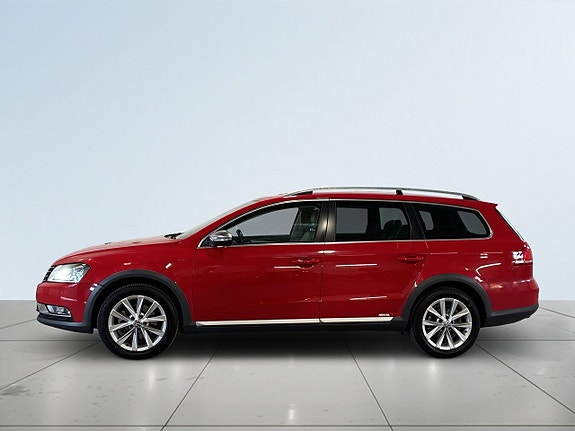 Volkswagen Passat Alltrack 3 of 21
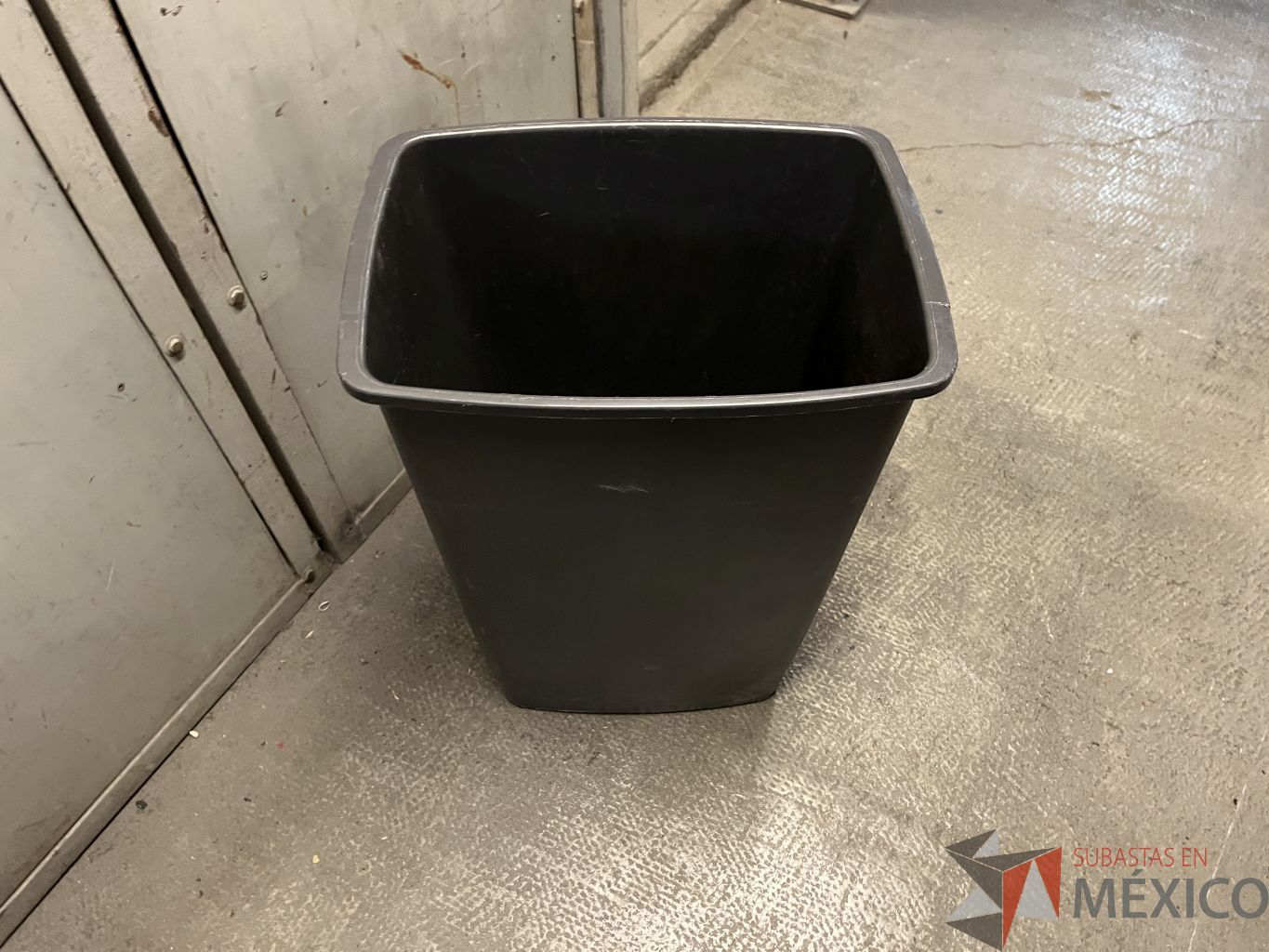 Lote 004 - 220 Botes de basura de diferentes modelos y medidas (Plástico, Metálico y Acrílico) - Imagen 3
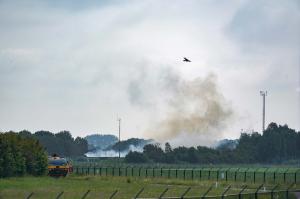 Un avion de vânătoare al armatei belgiene s-a prăbușit peste o clădire în Olanda. Pilotul s-a catapultat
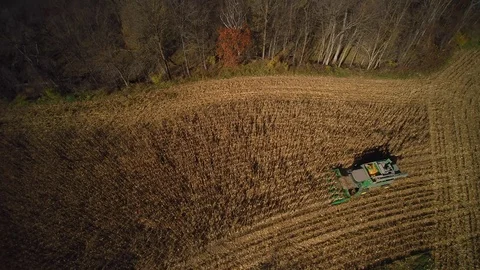 Birds eye view of corn picker Video stock 105617336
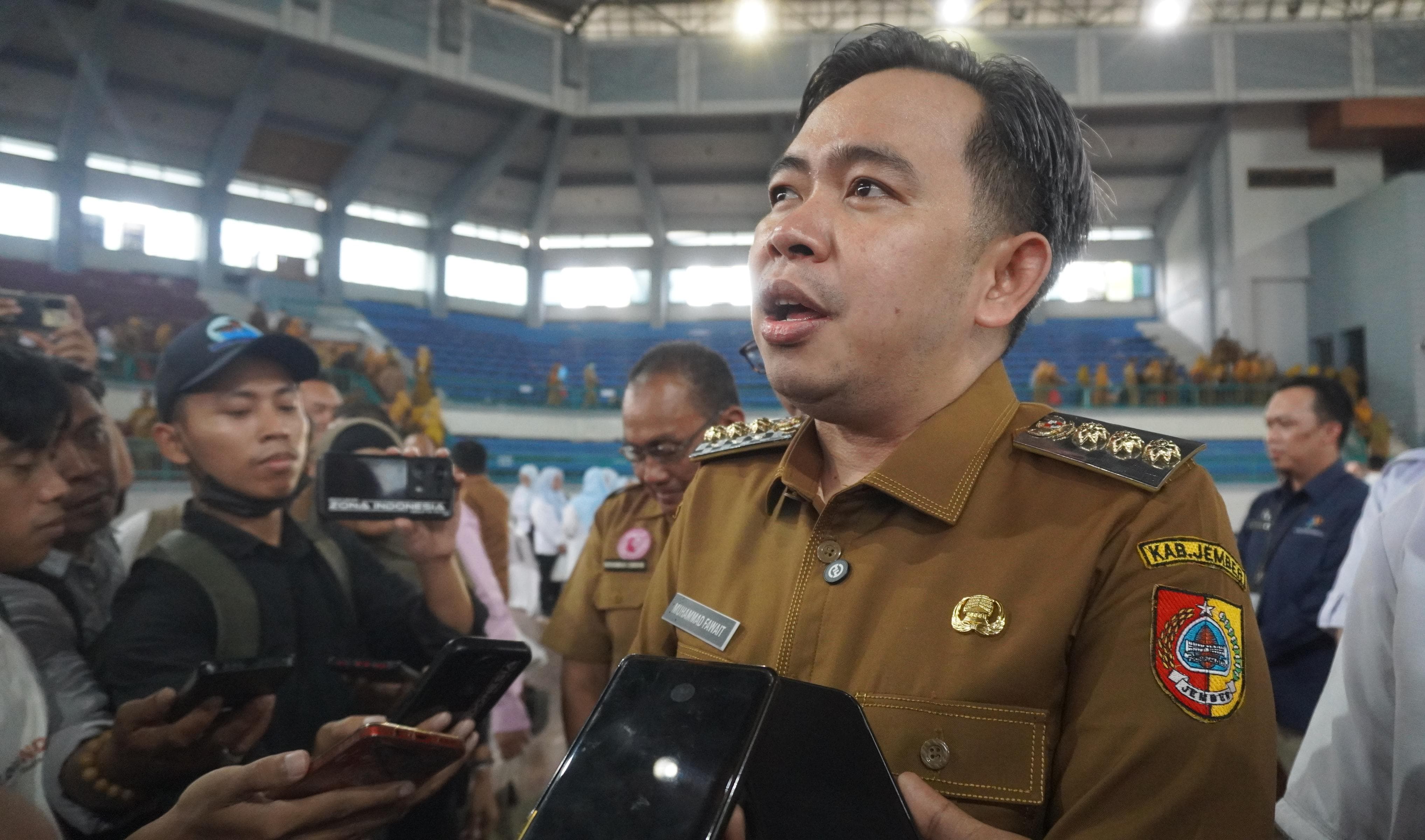 Bupati Fawait, seusai simbolis penerjunan 1.200 tenaga kesehatan, di GOR Kaliwates, Jember, (27/01) dan menyatakan siap perang total melawan krisis kesehatan Jember. (Maulana/JPRJ)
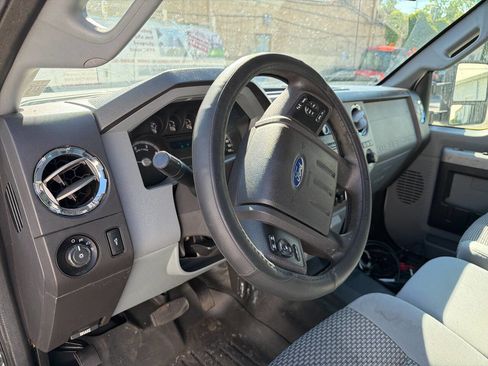 Used 2016 Ford F350 XLT w/ XLT Interior Package RWD image 10
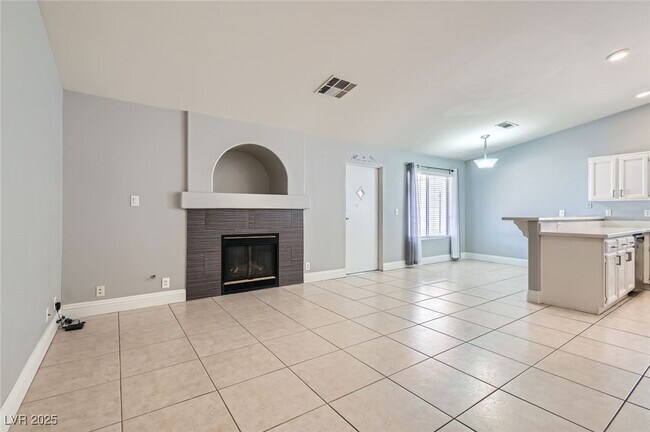 Foto del edificio - 924 Clubview Dr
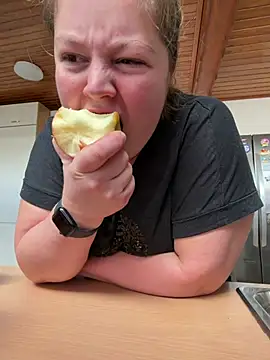 Snapshot of Lars-Lola chatting on February 2026 11:44:02 AM Lars-Lola online show from February 2026 11:44:02 AM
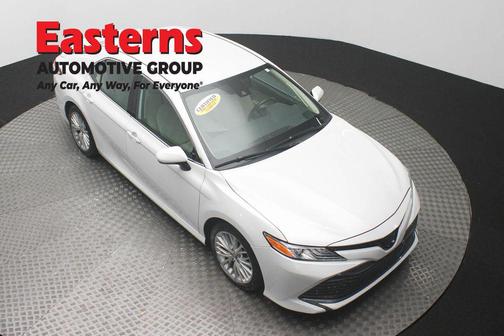 Pearl 2019 Toyota Camry XLE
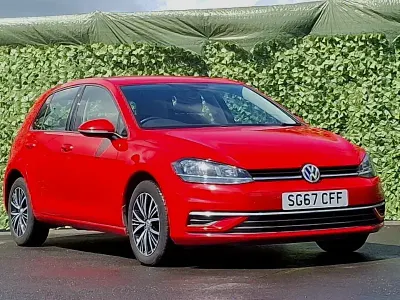 Used VW Golf VII SE 125 HP (91 kW) 2017 Red Hatchback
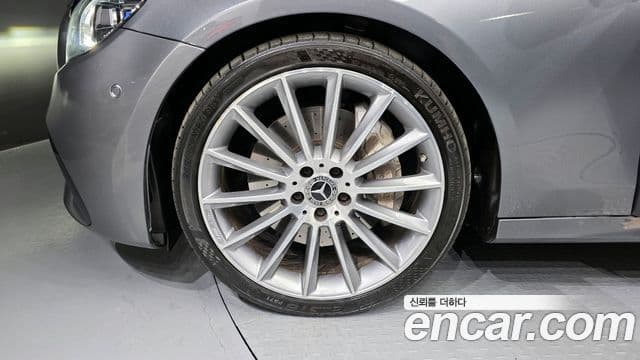 Mercedes-Benz E-класс W213 AMG Line, 2022 все фото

+--

* [EXERCISE OBJECTIVE]:
Omit each image and transcribe the remaining records word for word.

* [SOLUTION FOR THIS EXERCISE]:
 Volkswagen Passat Alltrack 3 of 21
 Lote 004 - 220 Botes de basura de diferentes modelos y medidas (Plástico, Metálico y Acrílico) - Imagen 3
 Un avion de vânătoare al armatei belgiene s-a prăbușit peste o clădire în Olanda. Pilotul s-a catapultat
 Birds eye view of corn picker Video stock 105617336
 Bupati Fawait, seusai simbolis penerjunan 1.200 tenaga kesehatan, di GOR Kaliwates, Jember, (27/01) dan menyatakan siap perang total melawan krisis kesehatan Jember. (Maulana/JPRJ)
 Used 2016 Ford F350 XLT w/ XLT Interior Package RWD image 10
 Foto del edificio - 924 Clubview Dr
 Snapshot of Lars-Lola chatting on February 2026 11:44:02 AM Lars-Lola online show from February 2026 11:44:02 AM
 Pearl 2019 Toyota Camry XLE
 Used VW Golf VII SE 125 HP (91 kW) 2017 Red Hatchback
 Mercedes-Benz E-класс W213 AMG Line, 2022 все фото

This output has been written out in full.